Task statement:
Would you print the lines below exactly, beginning at the line that has "Red sports car" and stopping after the line that has "black cow with bows"? Only those lines, and no pictures.

Raw data:
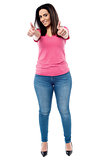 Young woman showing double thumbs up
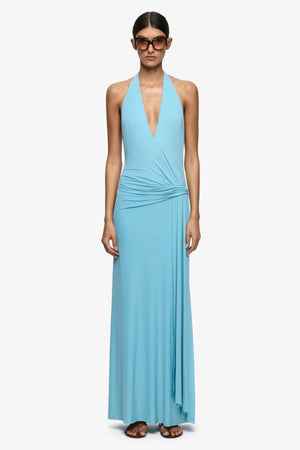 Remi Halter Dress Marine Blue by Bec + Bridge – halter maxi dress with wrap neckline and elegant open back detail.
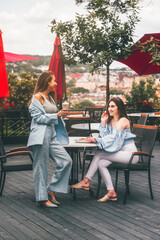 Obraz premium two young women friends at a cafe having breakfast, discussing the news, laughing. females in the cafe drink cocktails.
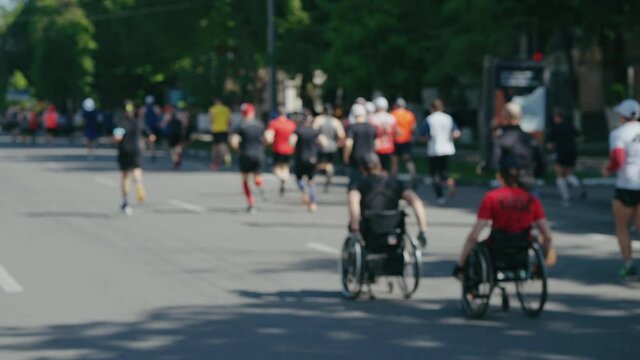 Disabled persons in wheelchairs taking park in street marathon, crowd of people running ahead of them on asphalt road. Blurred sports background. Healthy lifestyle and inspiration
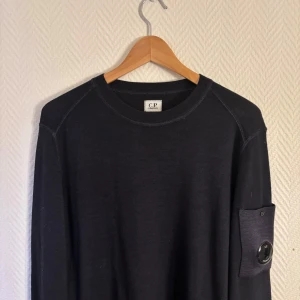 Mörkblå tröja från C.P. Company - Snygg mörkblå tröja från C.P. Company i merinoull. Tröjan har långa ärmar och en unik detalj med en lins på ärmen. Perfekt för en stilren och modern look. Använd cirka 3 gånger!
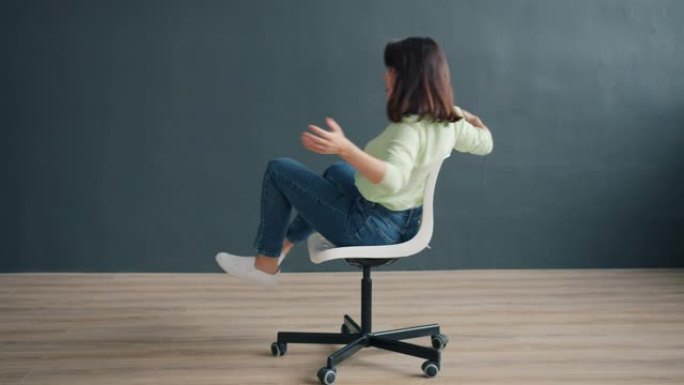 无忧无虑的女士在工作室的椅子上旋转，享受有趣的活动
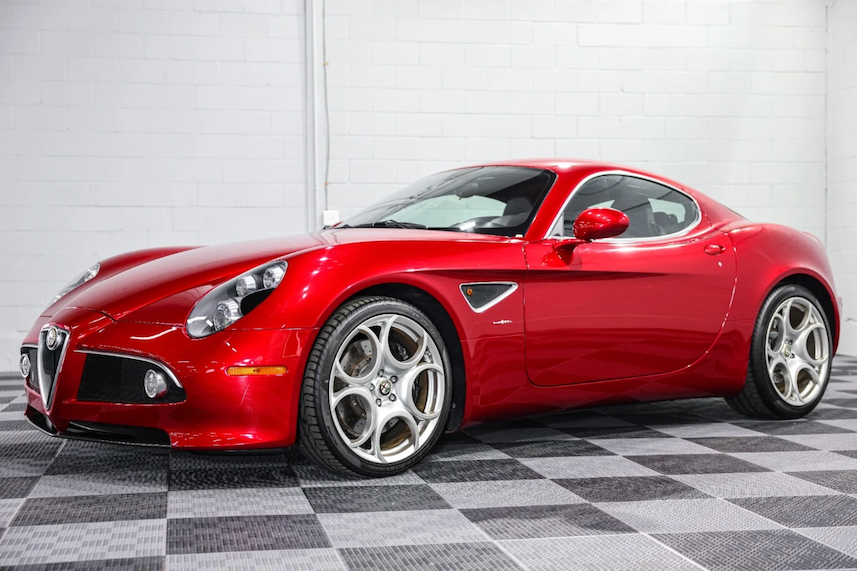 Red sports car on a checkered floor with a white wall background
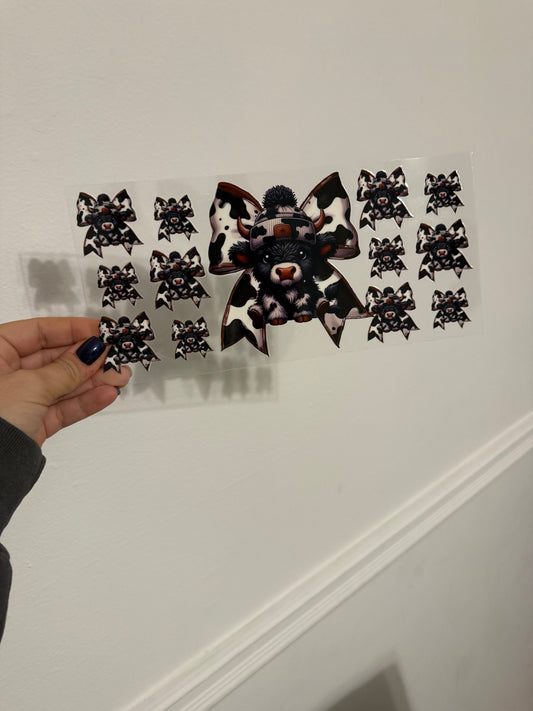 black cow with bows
==
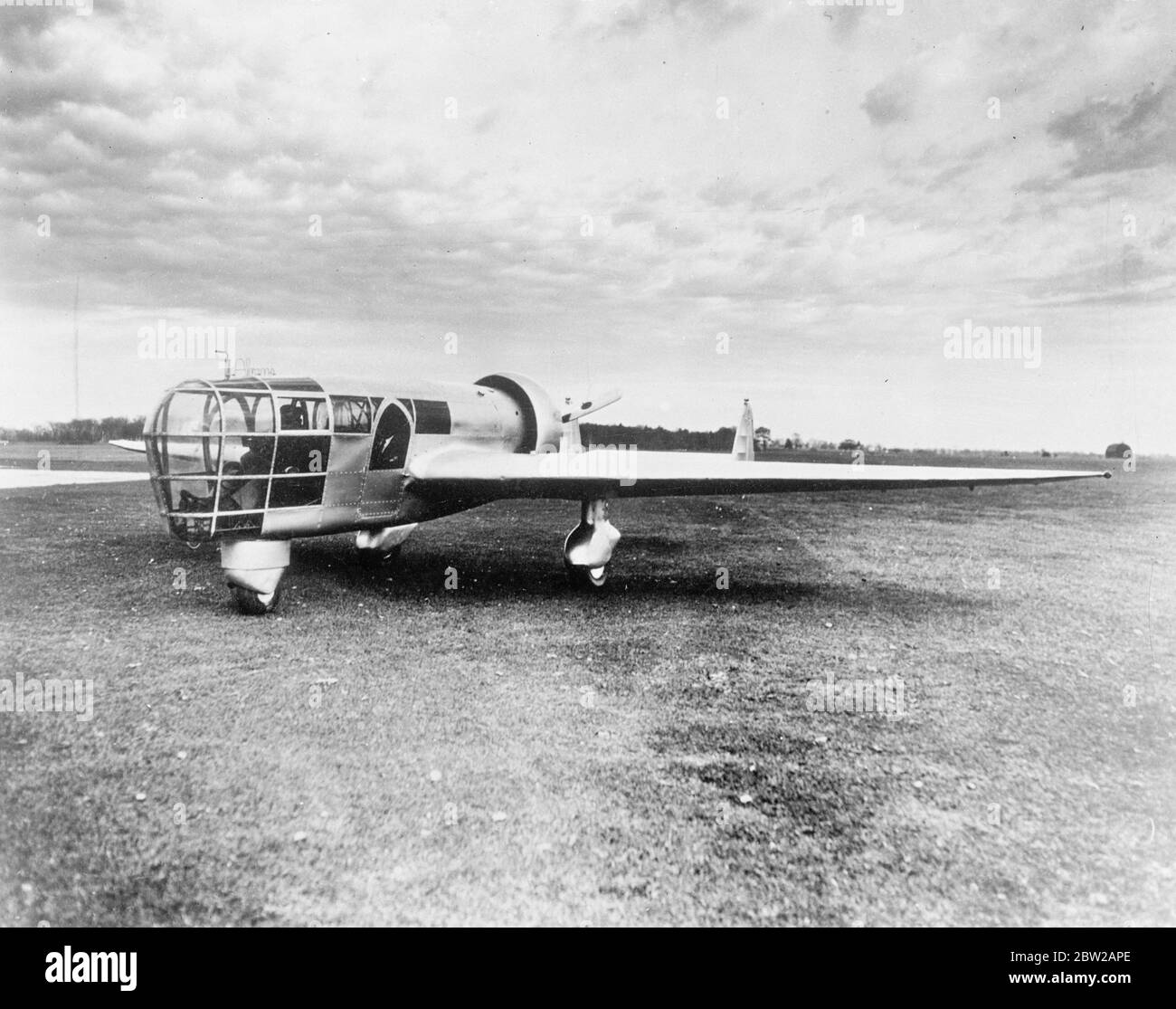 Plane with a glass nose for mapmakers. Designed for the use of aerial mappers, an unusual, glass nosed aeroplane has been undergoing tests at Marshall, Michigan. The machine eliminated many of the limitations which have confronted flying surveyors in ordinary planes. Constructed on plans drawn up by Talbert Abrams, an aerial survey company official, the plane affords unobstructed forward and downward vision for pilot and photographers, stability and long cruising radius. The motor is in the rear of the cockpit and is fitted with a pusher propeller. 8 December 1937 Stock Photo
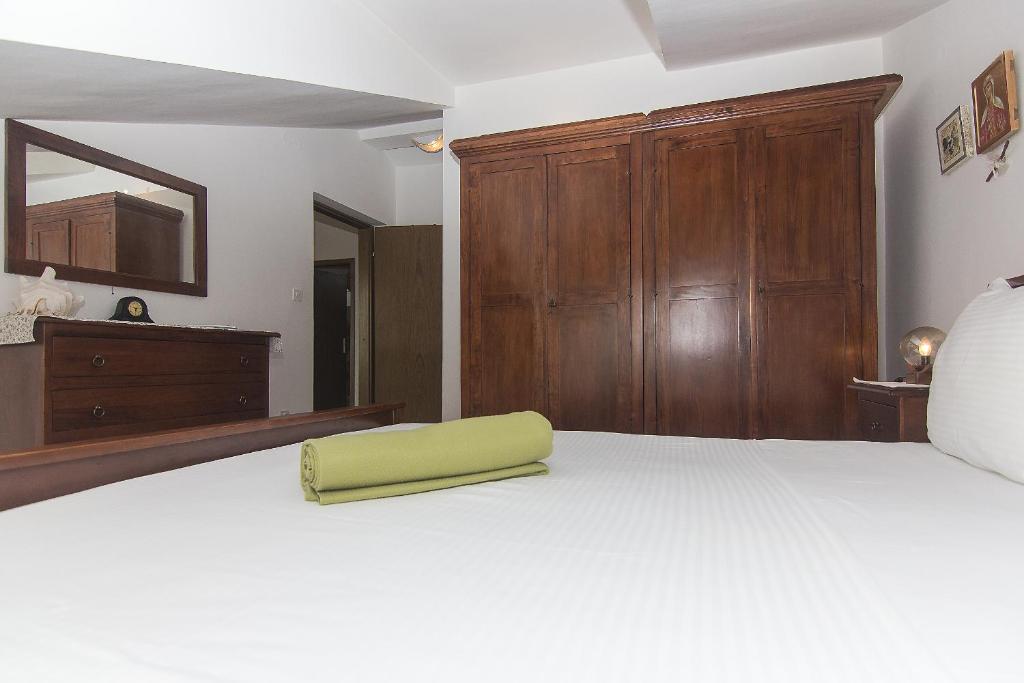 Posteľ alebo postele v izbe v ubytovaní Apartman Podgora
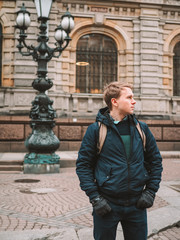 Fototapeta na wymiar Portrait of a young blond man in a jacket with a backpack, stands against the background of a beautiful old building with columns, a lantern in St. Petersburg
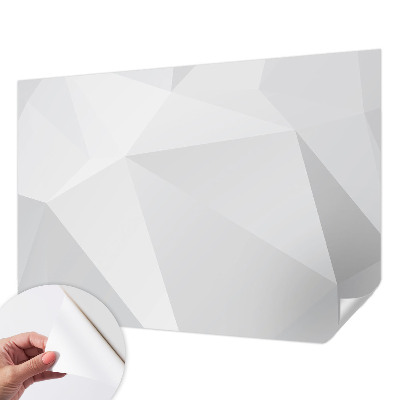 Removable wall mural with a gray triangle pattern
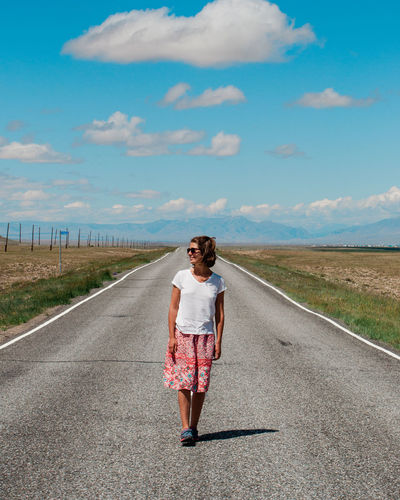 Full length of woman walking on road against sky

Reply to the task:
 Red sports car on a checkered floor with a white wall background
 black cow with bows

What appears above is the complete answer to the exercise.